Bellies rumbling, we tried to detect a good lunch spot close enough to the water to wade, but with some nice logs for a backrest, still close to the Point of the Arches. We found something suitable enough, grabbed some food, and got to wading. The icy Pacific water felt great on our feet, as did the sand and surf. In a flat stretch, I noticed sand crabs scuttling about after every wave crashed. It was impossible to want to leave. Mama Boots’ delight was indescribable, and so was mine. Matter of fact, the mood of every hiker and camper we encountered would be best described as ‘jovial’ or ‘ecstatic,’ something I’m not used to seeing on even some stunning trails.
WHEN I come back (not if, when), I will certainly plan it around a lower tide day. Point of Arches had amazing tide pools even at a more moderate tide, and Mama Boots had her head on a swivel so much she stepped into the water at least once. Anemones, sea stars, little fish, and more all were present, but I can only imagine the wonders uncovered on a day with a negative tide!
With my dog at home, I knew we’d have to tear ourselves away eventually. One last look at this land we are so happy to have shared with us, and we headed back towards the woods. The sun was really beating down now, and we were thankful to have reapplied sunscreen with our lunch. Beach hiking can be deceptive in how the wind and waves can make it feel so much cooler than the sun really is beating down. We noticed more and more people coming in to camp, some laden down with quite a bit of gear (and one with a box of wine). While this is a super popular backpacking spot, I am sure privacy and quiet can still be found. The trail does continue all the way to Cape Alava and beyond, for those eager for mileage and more beach time.

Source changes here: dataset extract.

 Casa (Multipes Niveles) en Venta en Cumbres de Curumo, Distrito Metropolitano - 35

Onward we pushed, with one last look at the beach. We knew metaphorically, it was all downhill from here–the uphill climb, and the mud were both waiting for us, then a journey home that would take 4+ hours. But, the good times continued as we headed up and onward. While the mud was way, way worse from the foot traffic, I only got stuck once (again, no gaiters, and had been too stubborn to get my poles out).
We made it back to the car, and began our long journey home. While it is a long slog getting there and back, it was worth every minute of car, ferry, and hiking time. All in all, this classic Washington Hike I’d say is moreso essential.

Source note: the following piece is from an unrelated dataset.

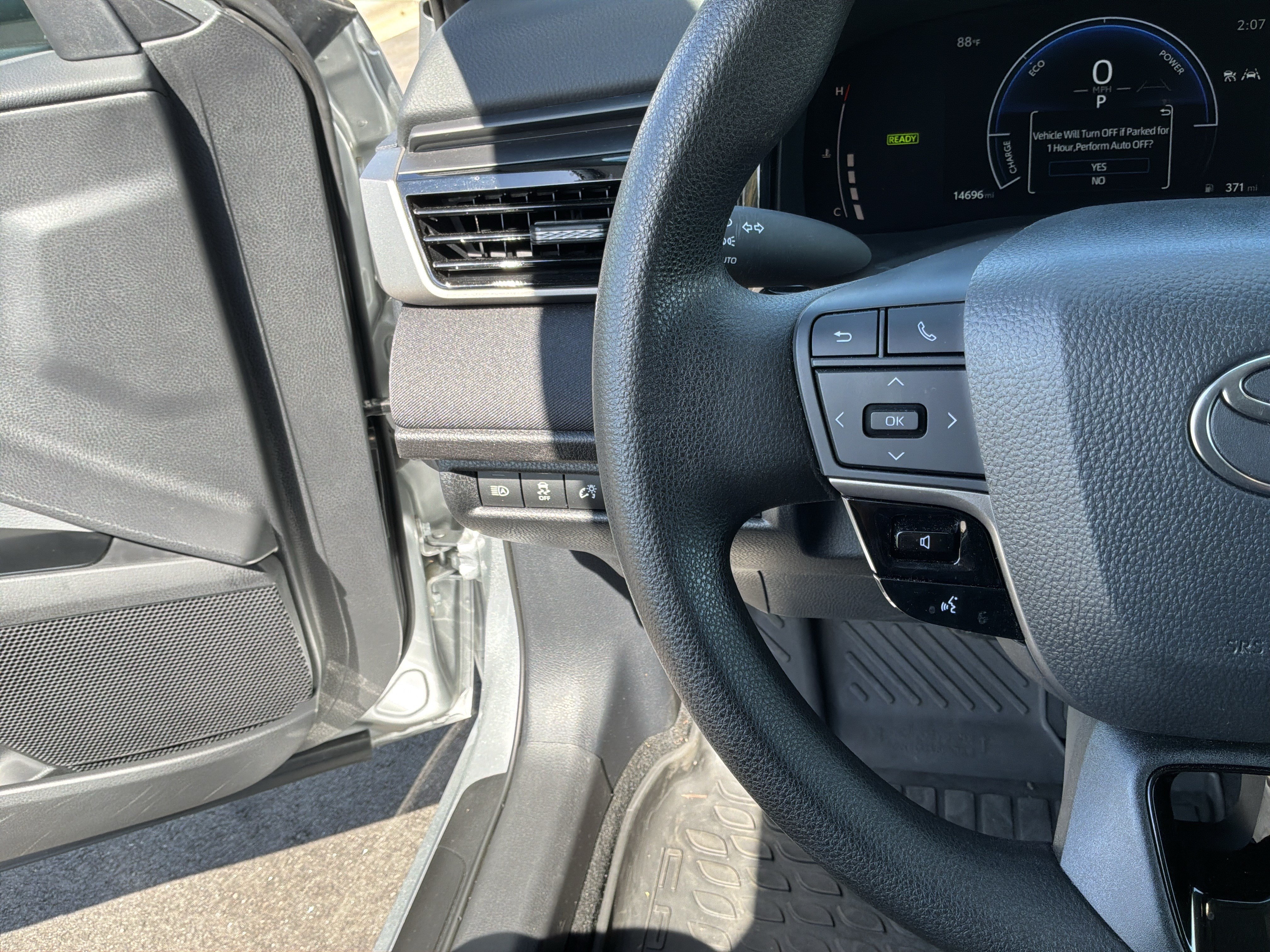 Used 2026 Toyota Camry LE FWD image 19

Distance: WTA says 8.0 round trip–two miles to the beach and two on the beach– but we clocked 2.5 to the beach and to the point and back, but we clocked 2.5 to the beach. With exploring around the Point of the Arches, we put in 9.6 miles!
Elevation: Around 200 feet is the difference from high point to low point.
Parking: Makah Reservation Pass for day hiking; add on $10 cash and Olympic National Park wilderness permit if camping on the beach
Bathrooms: Pit toilets at the trailhead and at least one outhouse near the beach.
Food Storage if Backpacking: Bear cans required, can be rented from WIC in Port Angeles.
Fires: Beach fires are allowed with driftwood, but always verify if a burn ban is in effect first. Do not chop up logs for fires.
Best Beer Bet: The reservation is dry, so please be respectful of their land and laws. If you need a post-hike brew, there’s Barhop Brewing in Port Angeles and Hood Canal Brewing near Kingston. We had to hurry home for my pup, so no beer for us.